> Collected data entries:
★ ★ ★ ★ ★ ★ ★

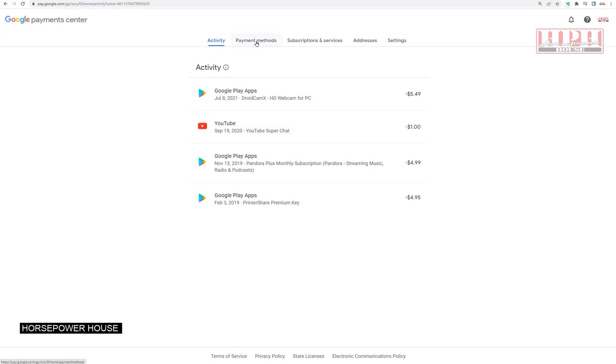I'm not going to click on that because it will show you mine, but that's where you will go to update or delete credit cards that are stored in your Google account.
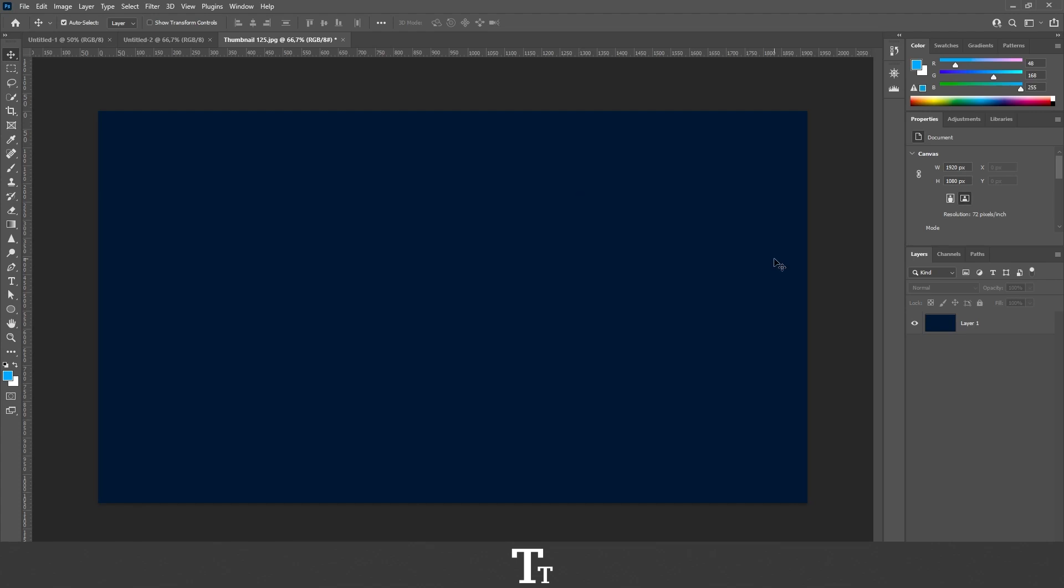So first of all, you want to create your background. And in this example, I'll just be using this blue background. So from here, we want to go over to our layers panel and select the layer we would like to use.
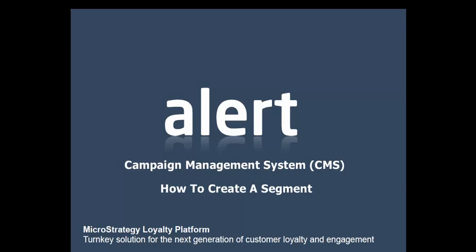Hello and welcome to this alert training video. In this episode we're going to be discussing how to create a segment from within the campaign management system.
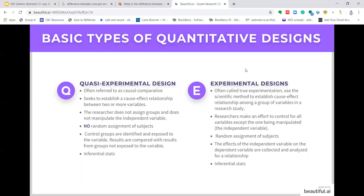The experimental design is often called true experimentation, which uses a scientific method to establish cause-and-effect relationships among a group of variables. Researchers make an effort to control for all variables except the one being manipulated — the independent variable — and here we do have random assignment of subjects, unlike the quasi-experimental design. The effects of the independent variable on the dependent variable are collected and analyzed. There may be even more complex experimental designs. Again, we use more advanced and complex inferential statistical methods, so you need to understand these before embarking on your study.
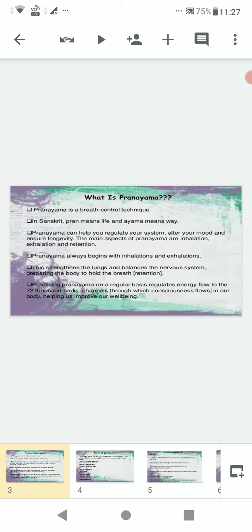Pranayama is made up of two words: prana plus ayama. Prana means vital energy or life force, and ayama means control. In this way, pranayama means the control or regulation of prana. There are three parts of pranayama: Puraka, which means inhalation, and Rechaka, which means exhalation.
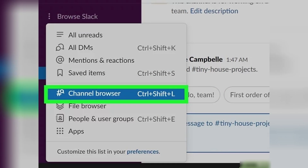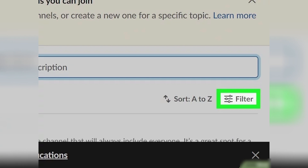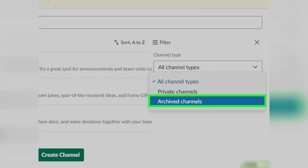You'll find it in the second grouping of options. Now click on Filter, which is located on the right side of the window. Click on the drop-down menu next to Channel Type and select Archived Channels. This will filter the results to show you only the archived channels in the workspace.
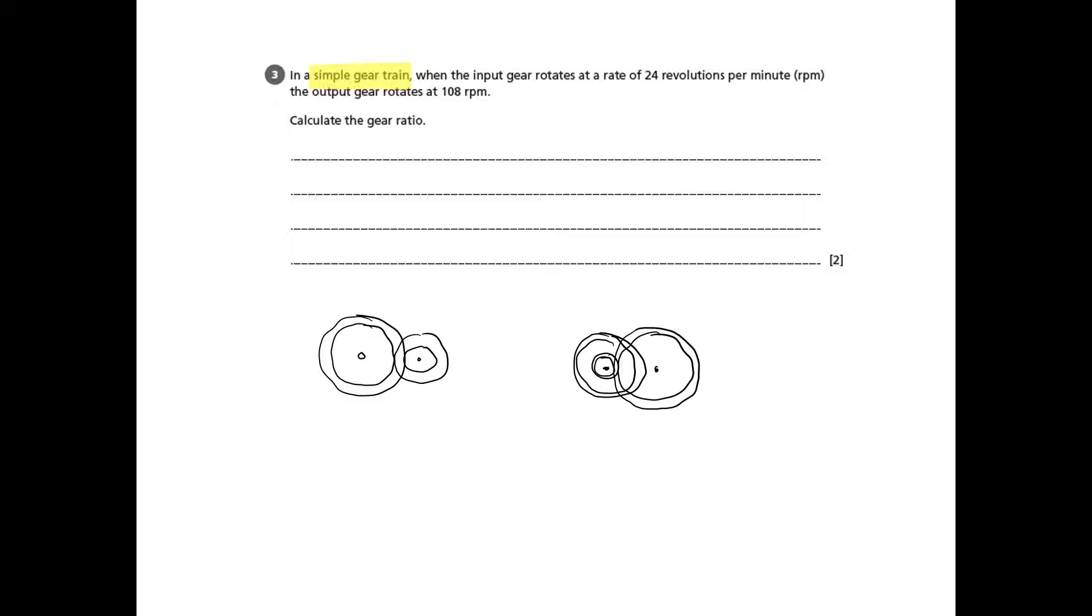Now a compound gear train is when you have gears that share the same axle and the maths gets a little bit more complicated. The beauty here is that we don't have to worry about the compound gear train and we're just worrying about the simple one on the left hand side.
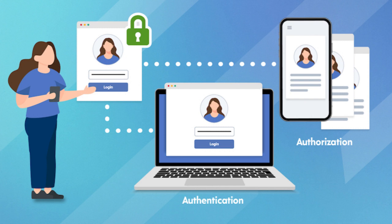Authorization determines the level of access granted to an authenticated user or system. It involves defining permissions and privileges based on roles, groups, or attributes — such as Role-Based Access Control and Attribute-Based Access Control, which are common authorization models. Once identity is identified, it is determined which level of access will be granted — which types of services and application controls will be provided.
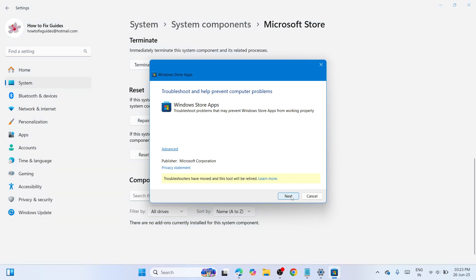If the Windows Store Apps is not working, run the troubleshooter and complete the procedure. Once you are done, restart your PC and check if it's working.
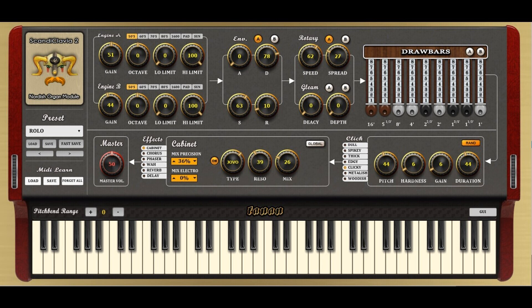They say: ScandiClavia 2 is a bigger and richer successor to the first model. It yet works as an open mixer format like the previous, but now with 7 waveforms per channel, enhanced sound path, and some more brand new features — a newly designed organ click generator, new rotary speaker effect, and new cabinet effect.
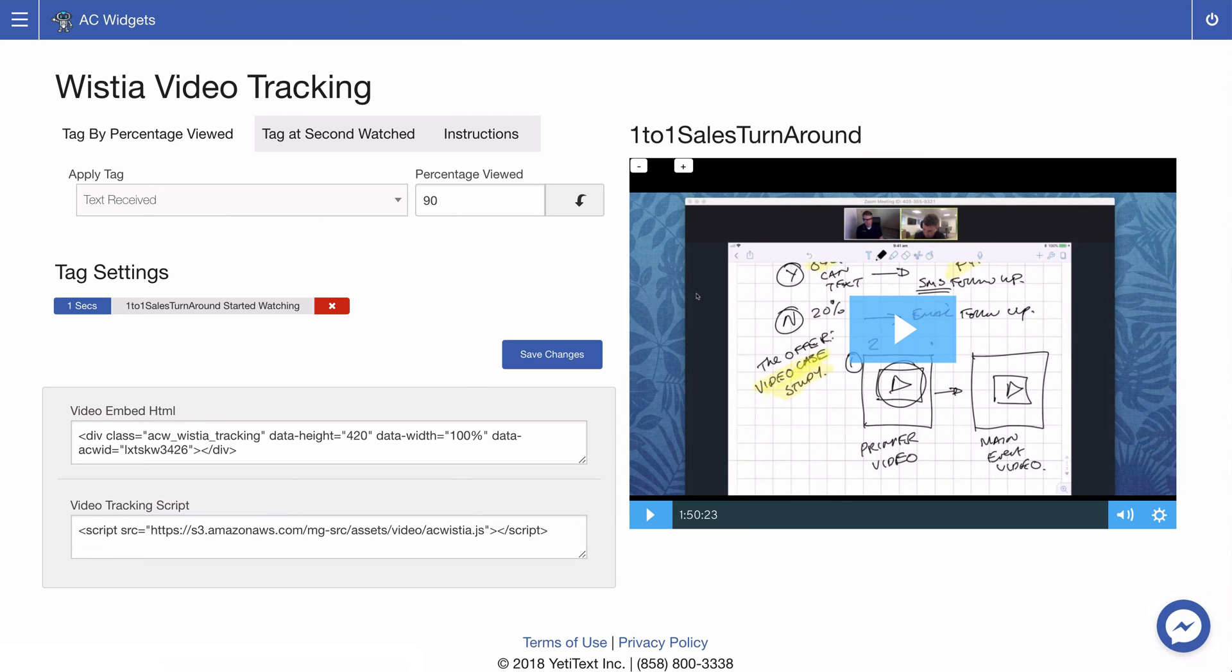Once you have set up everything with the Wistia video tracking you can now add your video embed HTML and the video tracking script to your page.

★ ★ ★ ★ ★ ★ ★

> What is expected:
Each record must appear again exactly as written above, without its pictures.

> Answer for this exercise:
I'm not going to click on that because it will show you mine, but that's where you will go to update or delete credit cards that are stored in your Google account.
So first of all, you want to create your background. And in this example, I'll just be using this blue background. So from here, we want to go over to our layers panel and select the layer we would like to use.
Hello and welcome to this alert training video. In this episode we're going to be discussing how to create a segment from within the campaign management system.
The experimental design is often called true experimentation, which uses a scientific method to establish cause-and-effect relationships among a group of variables. Researchers make an effort to control for all variables except the one being manipulated — the independent variable — and here we do have random assignment of subjects, unlike the quasi-experimental design. The effects of the independent variable on the dependent variable are collected and analyzed. There may be even more complex experimental designs. Again, we use more advanced and complex inferential statistical methods, so you need to understand these before embarking on your study.
Pranayama is made up of two words: prana plus ayama. Prana means vital energy or life force, and ayama means control. In this way, pranayama means the control or regulation of prana. There are three parts of pranayama: Puraka, which means inhalation, and Rechaka, which means exhalation.
You'll find it in the second grouping of options. Now click on Filter, which is located on the right side of the window. Click on the drop-down menu next to Channel Type and select Archived Channels. This will filter the results to show you only the archived channels in the workspace.
Now a compound gear train is when you have gears that share the same axle and the maths gets a little bit more complicated. The beauty here is that we don't have to worry about the compound gear train and we're just worrying about the simple one on the left hand side.
Authorization determines the level of access granted to an authenticated user or system. It involves defining permissions and privileges based on roles, groups, or attributes — such as Role-Based Access Control and Attribute-Based Access Control, which are common authorization models. Once identity is identified, it is determined which level of access will be granted — which types of services and application controls will be provided.
If the Windows Store Apps is not working, run the troubleshooter and complete the procedure. Once you are done, restart your PC and check if it's working.
They say: ScandiClavia 2 is a bigger and richer successor to the first model. It yet works as an open mixer format like the previous, but now with 7 waveforms per channel, enhanced sound path, and some more brand new features — a newly designed organ click generator, new rotary speaker effect, and new cabinet effect.
Once you have set up everything with the Wistia video tracking you can now add your video embed HTML and the video tracking script to your page.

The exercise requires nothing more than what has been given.